> _Task item_: Without any pictures, retype exactly the lines that begin at the one holding "deshonrado bethesda corvo" and end at the last line of the data below.

> _Given data_:
= = = = =
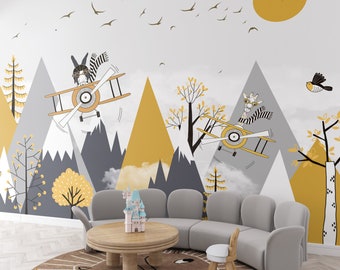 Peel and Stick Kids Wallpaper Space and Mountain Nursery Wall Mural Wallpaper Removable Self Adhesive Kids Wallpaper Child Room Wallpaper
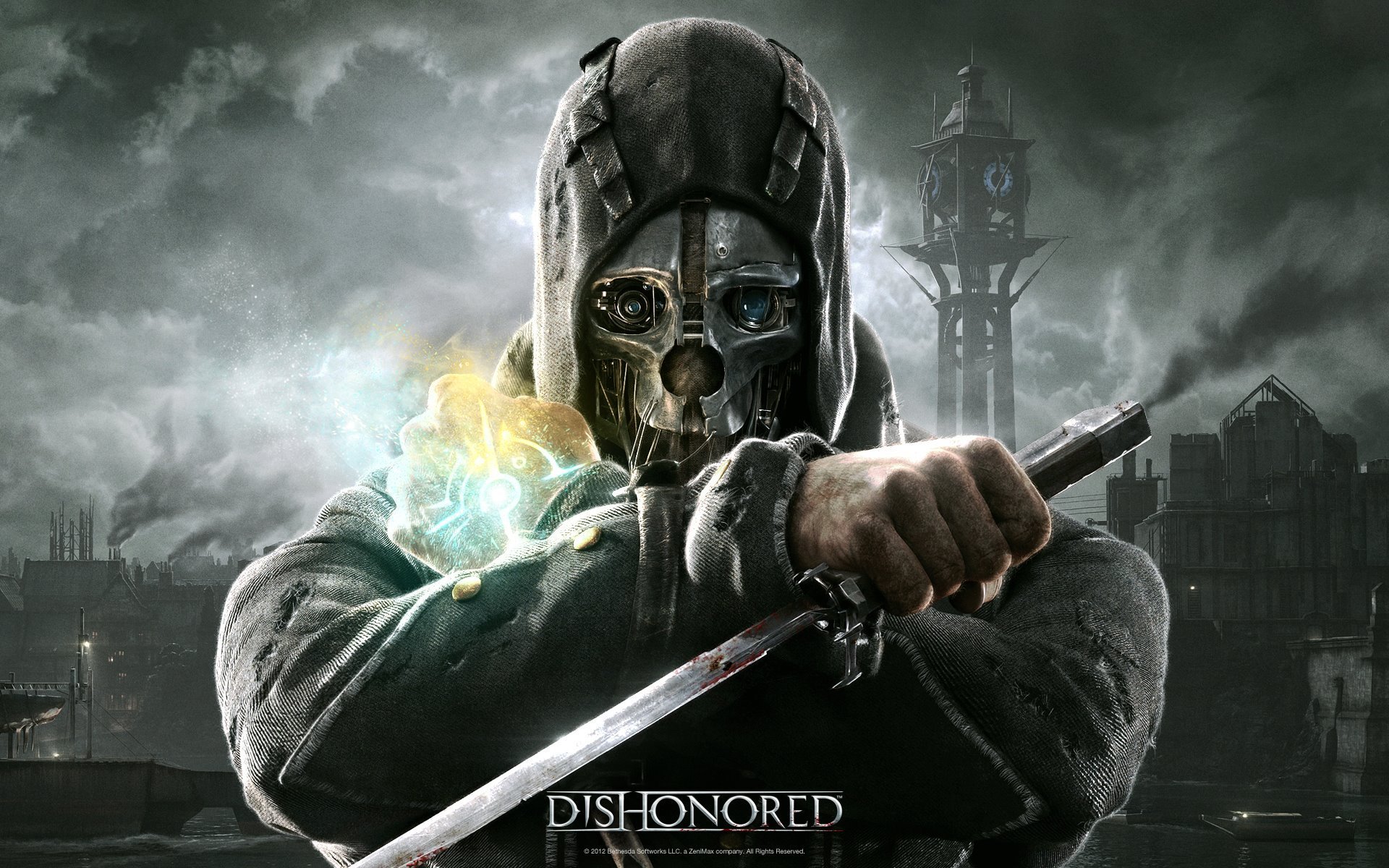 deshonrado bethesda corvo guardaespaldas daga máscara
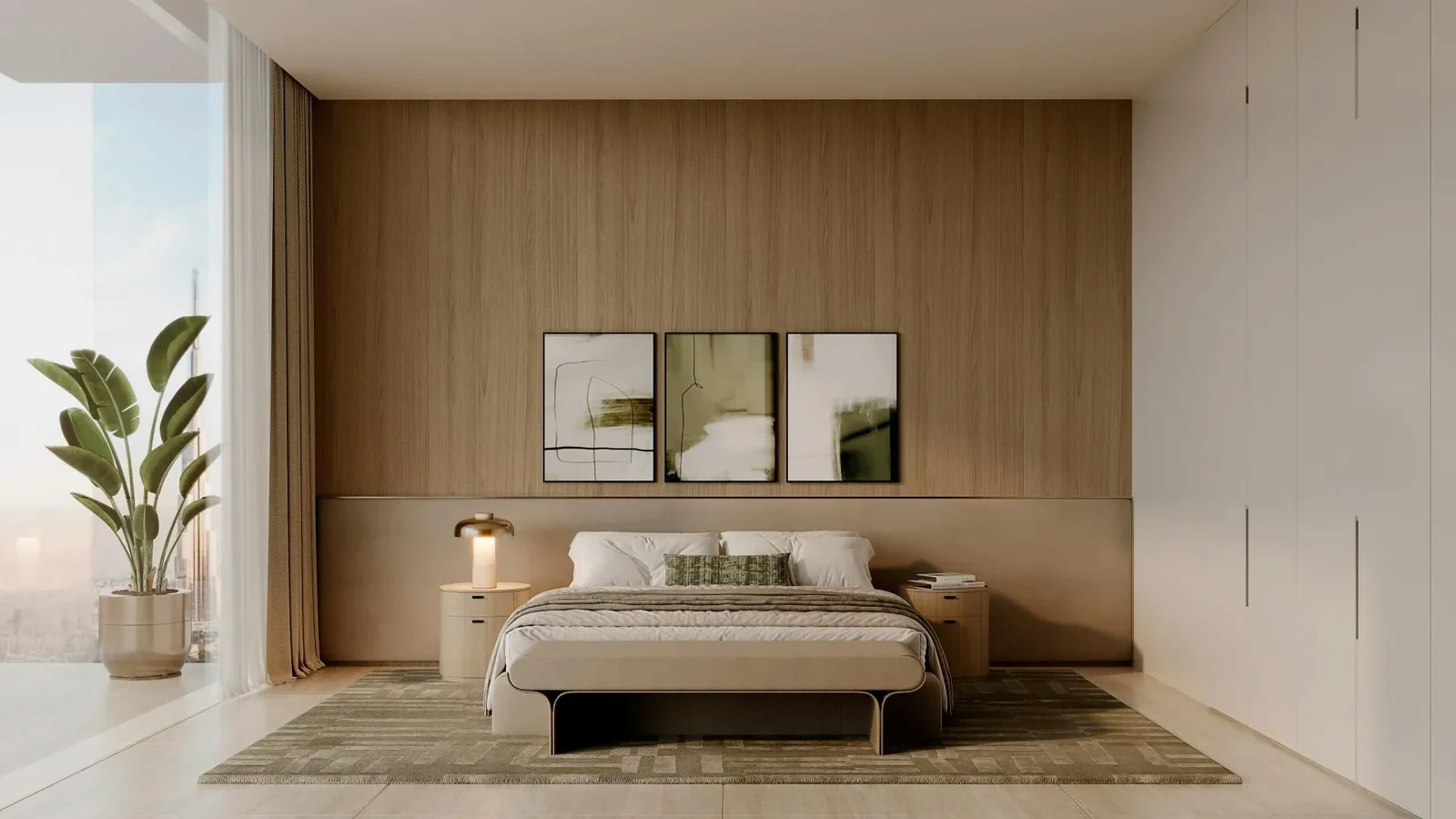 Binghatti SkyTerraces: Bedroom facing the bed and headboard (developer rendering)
= = = = =
> _Response to this task_:
 deshonrado bethesda corvo guardaespaldas daga máscara
 Binghatti SkyTerraces: Bedroom facing the bed and headboard (developer rendering)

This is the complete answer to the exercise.